There are upsides to it, like me spending considerably less time on the random internet surfing because my annoyance overshadows my dopamine kick.

Conversely, I'm so opposed to the enshitification that I've carefully tailored my internet usage to places that aren't shit and have no prospect of becoming shit, like Lemmy. Since I don't even have the motivation of not supporting an evil company, I'm more addicted that ever.

It’s really accelerated in the past few years. It’s nearly impossible to just read an article or use any product without giving it some kind of information. Lots of people (myself included many times unfortunately) just accept this. I mean, what can be done? If you want or need to use the thing you almost have no choice. If you want to avoid information leaks or being tracked you have to do so much research and work just to find an option, and then hope they don’t get purchased by a company that will reverse it all. I hate it.

I mean, what can be done? If you want or need to use the thing you almost have no choice.

We have to act collectively.

  1. Don't buy products or use services that require personal info. Of course, this means being willing to make do without some things, at least until they're convinced/forced to change or alternatives appear. In cases where the thing is a necessity, push back (clearly, articulately, and firmly) before sharing your info. Let them know that they're losing goodwill by being nosy, and that you'll stop buying from them as soon as you can.
  2. Look for products/services that respect our privacy, and support them when possible.
  3. Pass legislation that forbids needlessly collecting such info. Some regions (e.g. European Union, California) have already taken small steps in this direction. We need to take it further, everywhere.

I think it might also be helpful to have some kind of (independently verified) privacy labeling program for products and services. It would ease some of the burden from consumers when shopping around, and could become an easy marketing tool for companies that want to attract customers.

Honestly, number 3 is the only thing that would have marginal impact. Consumers don't have the time and energy to research every product to the depth required foe the first two.

And the vast majority of consumers don't even understand what's going on, and don't care. Look at how many people happily download and use the TikTok app, despite evidence that it's harvesting your biometric data and sending it to a government overseas. They don't fucking care.

Consumers don’t have the time and energy to research every product to the depth required foe the first two.

You don't need to go on a research project to see the personal info fields in a sign-up form.

For more complicated stuff, a labeling program would help.

On some products, these steps occur after you've purchased and opened the product and are setting it up.

1a.

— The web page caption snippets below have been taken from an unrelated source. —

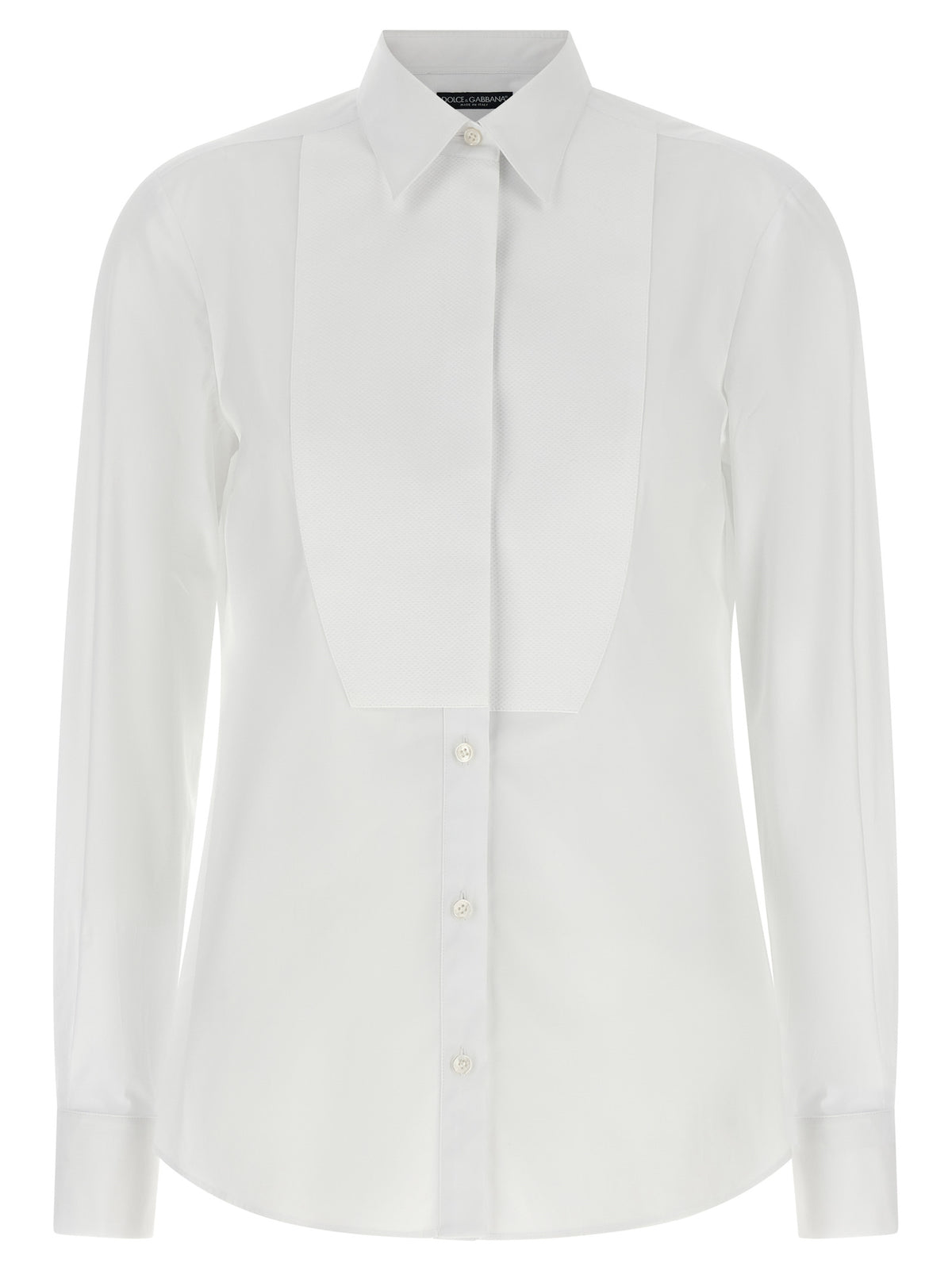 Dolce & Gabbana Tuxedo Shirt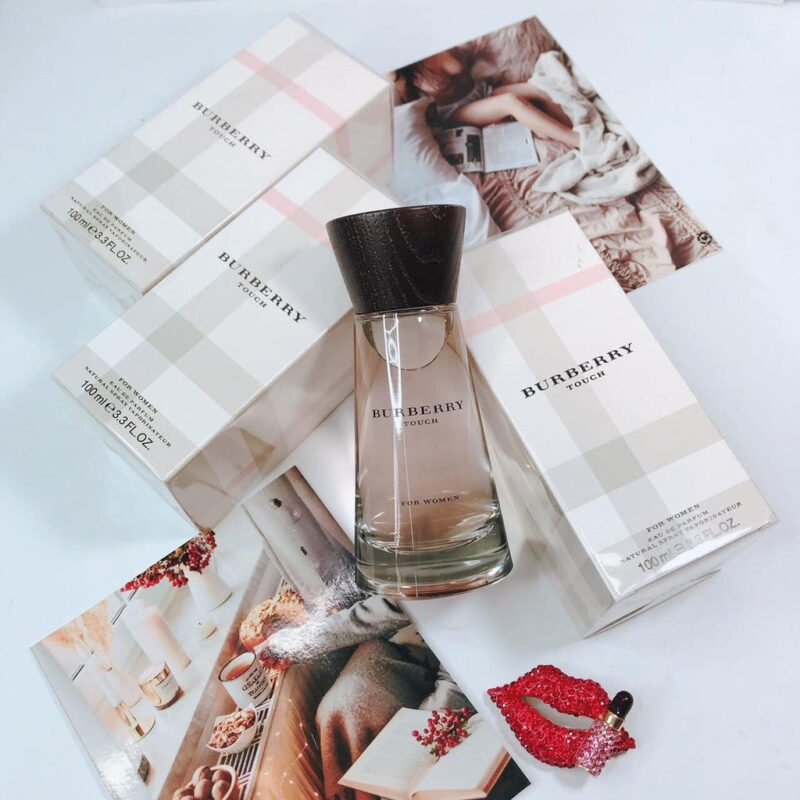 Burberry Touch EDP for Women - 100ml - Image 3
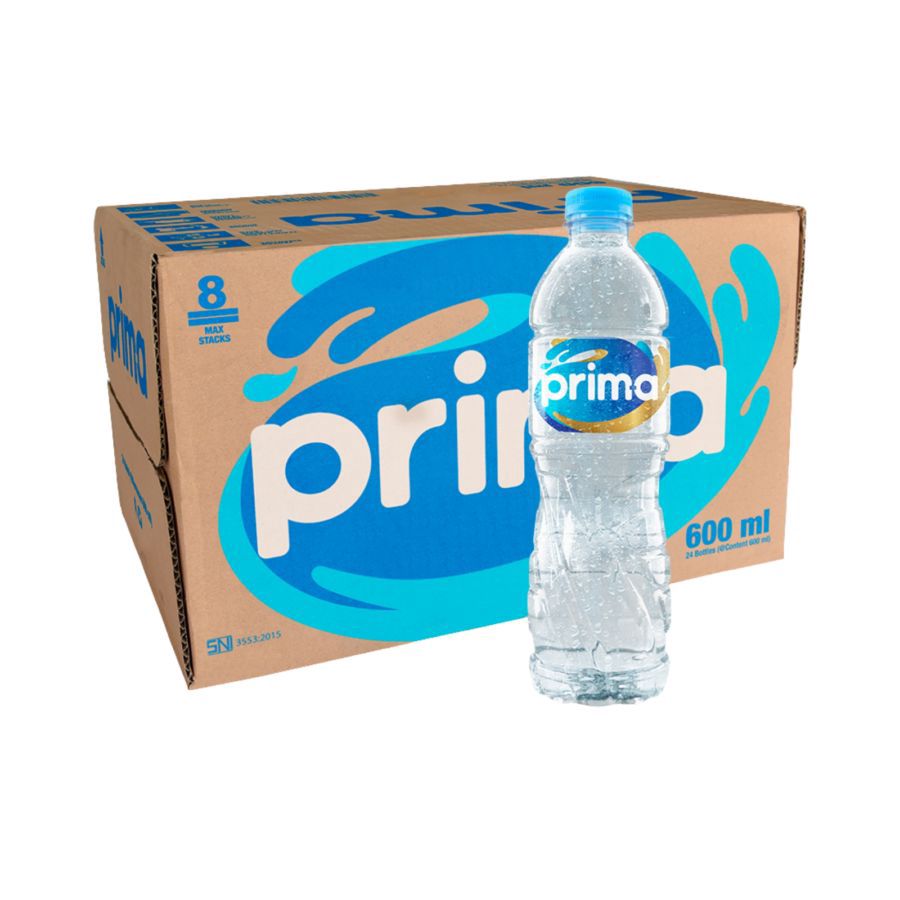 Prima Air Mineral Dus 600ml 24pcs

Exercise your right to return things that have invasive hidden requirements.

(And this is another area where a labeling program would help.)

You don't need to go on a research project to see the personal info fields in a sign-up form.

That's not the only way companies get data about you though. Some collect it through their app - the sites that try and force you to use the app instead of the site are usually the worst offenders. Others just buy data from data brokers like Acxiom, Experian, LiveRamp, etc. and correlate it with the details they have on you (phone number, email address, ad targeting ID, etc).

Where possible, use sites instead of apps, since it limits the types of data that can be collected (as sites are highly sandboxed compared to apps). Good sites let you install them as PWAs for a more app-like feel.

That’s not the only way companies get data about you though.

Nobody said it was.

I was mostly replying to the top level comment about choosing companies/products that respect your privacy. It's pretty much impossible to tell if a company cares about or respects your privacy just from the sign up form.

It read as though you thought picking out one particular case that I didn't address somehow refuted what I wrote. (Which it doesn't, of course, because I wasn't making an exhaustive list.)

I was mostly replying to the top level comment

I see. That was confusing, since the top-level comment wasn't mine, yet you replied to me. Thanks for clarifying.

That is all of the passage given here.